Se cree que en Baghuz hay unos 300 extranjeros. No es la última bolsa de resistencia. Más al sur existen otras dos, una rodeada por las tropas de Asad con mil yihadistas, y otra con 3.000. Y está por resolver el futuro de la provincia de Ildib, bajo control de Hayat Tahrir Al Sham, una coalición de grupos armados liderada por la rama siria de Al Qaeda. Se estima que hay 70.000 combatientes entre sirios y foráneos, además de tres millones de civiles, según la ONU. El asalto final depende del pacto entre Rusia y Turquía, aún sin cerrar.

El riesgo de un regreso a corto plazo se concentra en los cientos de extranjeros detenidos en la zona controlada por las Fuerzas Democráticas Sirias. Se cree que hay 800 europeos. Otros yihadistas están encarcelados en Turquía e Irak, donde se les ejecuta en medio del silencio cómplice de Occidente. Los jueces iraquís están completando el trabajo de las fuerzas especiales.

Además de los varones, existen miles de mujeres y niños relacionados con el EI. La oenegé Save the Children calcula que rondan los 3.000 menores. Algunas de estas mujeres fueron capturadas y forzadas a casarse, y a tener descendencia con los milicianos. Otras se sumaron a la causa libremente. Dos casos han llamado la atención estos días. Los de Shamima Begum y Hoda Muthana, de 20 y 24 años. El Gobierno británico ha retirado la nacionalidad a la primera, una medida polémica, para bloquear su retorno a la isla. La segunda, no podrá volver a EEUU, donde nació, porque Trump ha dado la orden de impedirlo. Se las considera peligrosas.

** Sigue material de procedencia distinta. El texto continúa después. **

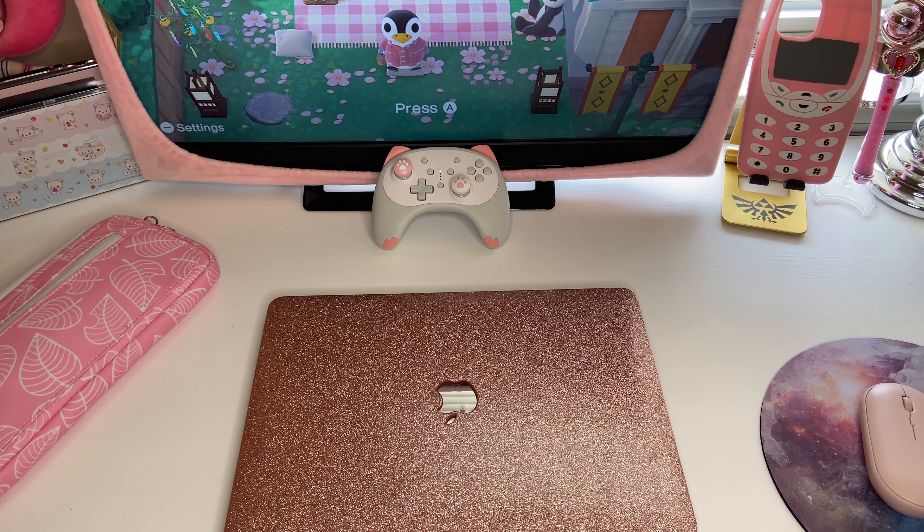Hey guys, it's Baby Pink Gamer here and today I'm just going to be doing a little unboxing of this really cute Luna backpack that I purchased from Hot Topic. I'll go ahead and link it down below, and I just wanted to show it to you guys.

Resulta contradictorio que el presidente exija a sus aliados que admitan el regreso de 800 yihadistas e impida el retorno a casa de una supuesta ciudadana norteamericana.

MECANISMO DE APRENDIZAJE

¿Son recuperables los hijos de combatientes extranjeros que han crecido en un entorno de fanatismo y violencia? ¿Sabemos cómo desprogramarlos del odio? Se va a necesitar algo más que psicología. Sería necesario cambiar la política occidental en Oriente Próximo, impedir que en el relato de la existencia de víctimas y verdugos siempre estemos entre los segundos.

Sería bueno recuperar al mayor número de estas personas. En ese mecanismo se esconde el aprendizaje que nos permitirá cortar los procesos de fanatización en nuestras ciudades, y en nuestras mezquitas.

La mejor herramienta contra el odio es el acceso a un trabajo, la integración, sentirse parte. Pese a que los tiempos no vienen cargados de empatía, no es una quimera. Hay cientos de miles de migrantes y de musulmanes que nunca salen en las páginas de sucesos. Sus historias de éxito nunca son noticia en un mundo que se mueve entre espasmos informativos. Vean la película libanesa Cafarnaúm de Nadine Labaki y descubrirán otro punto de vista en la vida, además de cuáles son los motores del desarraigo.